Christina Rossetti and the humor of tragedy

I've been mulling over the serious power of humor lately, ever since hearing Tig Notaro's amazing comedy set on This American Life.  Just to warn you, the other segments of the show aren't necessarily for the faint of heart, but the Tig Notaro part comes first, and it is precisely for the faint of heart.  It's for those of us who need a little bit of encouragement and help in order to look pain square in the face, and live well anyway.

Somehow I always thought that humor was for "cheering up" and for distraction.  It certainly can be, and that's fine, but it's not the highest or most important use of humor. The best humor, as it turns out, is all about courage and truth.

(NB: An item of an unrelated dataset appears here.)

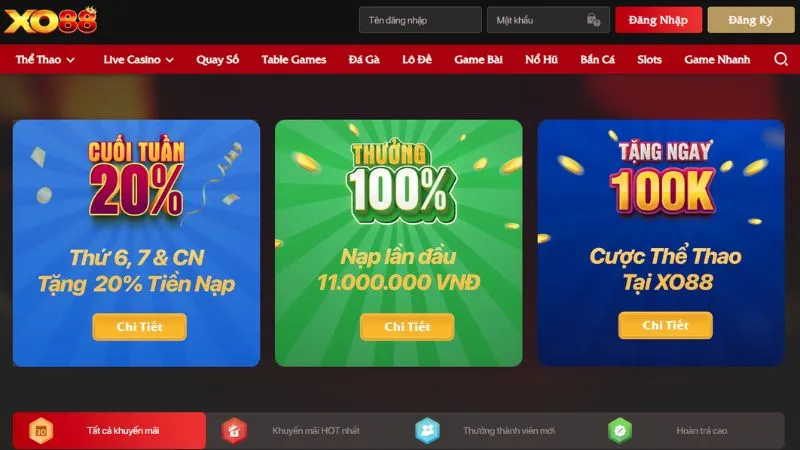 Danh sách khuyến mãi giá trị hấp dẫn tại nhà cái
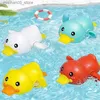 Sandspiel Wasser Spaß neue Cartoon Tier Baby Wasser Spielzeug Schwimmbad Ente Wickelkette Baby Bad Spielzeug 0 24 Monate Geschenk Q240426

And now for a sobering little funny from Christina Rossetti:

A handy mole who plied no shovel
To excavate his vaulted hovel,
While hard at work met in mid-furrow
An Earthworm boring out his burrow.
Our mole had dined, and must grow thinner
Before he gulped a second dinner,
And on no other terms cared he
To meet a worm of low degree.
 The worm turned on his blindest eye
Passing the base mechanic by;
The Worm entrenched in actual blindness
Ignored or kindness or unkindness;
Each wrought his own exclusive tunnel
To reach his own exclusive funnel.

A plough its flawless track pursuing
Involved them in one common ruin.
Where now the mine and countermine,
The dined on and the one to dine?
The impartial ploughshare of extinction
Anulled them all without distinction.